Q&A: Is the right to be here dependent on faith, or on history?
Is the right to be here dependent on faith, or on history?
Question
Some argue that the Jewish people’s entire right to the Land of Israel stems from the Torah and faith in God — and therefore only a believing person, who accepts the authority of the Hebrew Bible (Tanakh), can claim a moral right to be in the land. By contrast, the question arises: does a secular or atheist Jew also have a moral and national right to be here, even apart from religious faith?
Can one argue that the Jew’s right to the land derives from being part of the Jewish people — a people whose history shows that it had a real hold on this land — especially after emerging from the ovens of Auschwitz and seeking a place that could guarantee its existence in the safest and best possible way?
In addition, it should be noted that the conquest of the land by the ancient Jews thousands of years ago cannot be considered an immoral conquest in today’s terms, since in that period conquests and territorial expansion were a natural and unavoidable part of the world order. There were no modern moral standards then of human rights or national sovereignty, and therefore the actions of the past should not be judged by the standards of the present.

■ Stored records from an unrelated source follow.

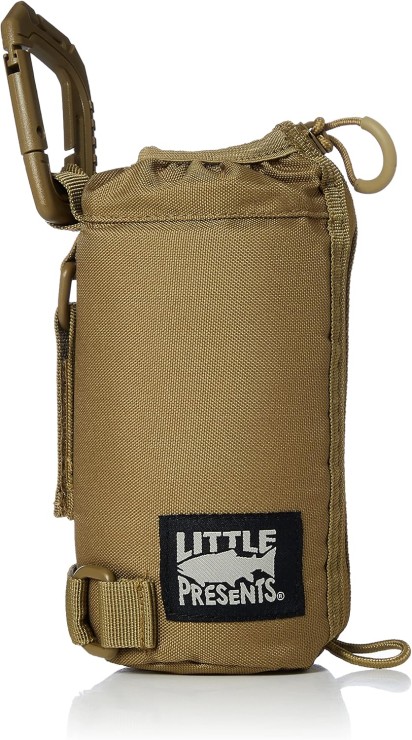 Держатель для бутылки Little Presents AC-139 LP Plastic Bottle Holder Khaki Khaki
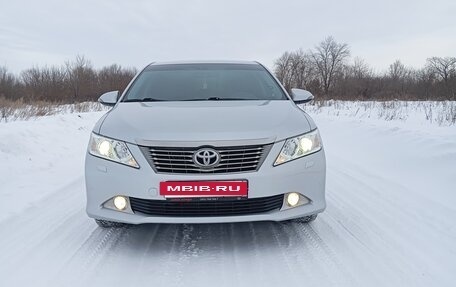Toyota Camry, 2014 год, 1 790 000 рублей, 3 фотография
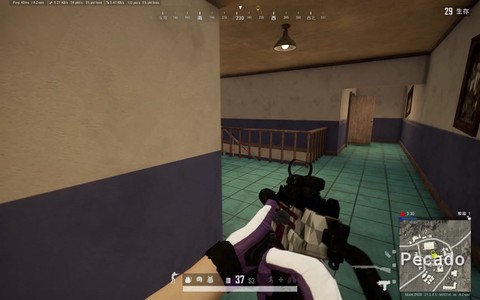 绝地求生楼顶怎么跳[图2]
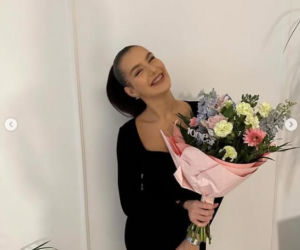 Wiktoria Jankowska i Jakub Piotrowski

Moreover — even if the nations of the world recognized the Jewish people’s right to return to its land out of belief in the Hebrew Bible (Tanakh) or in a divine promise — that is their belief, not necessarily mine. The fact that they saw the biblical right as a basis for supporting the establishment of the state does not obligate me to believe in it; it is enough that they, according to their faith, saw it as just in order for political recognition to be granted in practice.
Accordingly, the central question is: are the history, suffering, and national-cultural belonging of the Jewish people not in themselves enough to grant even a Jew who does not believe in the Torah a moral and legitimate right to live in the Land of Israel — out of national, human, and historical identity, and not necessarily a religious one?
Answer
I don’t understand what you’re asking. Atheists can certainly argue that their ancestors lived here, and therefore the land is theirs. That’s all. A divine promise is not a claim one can make to anyone else.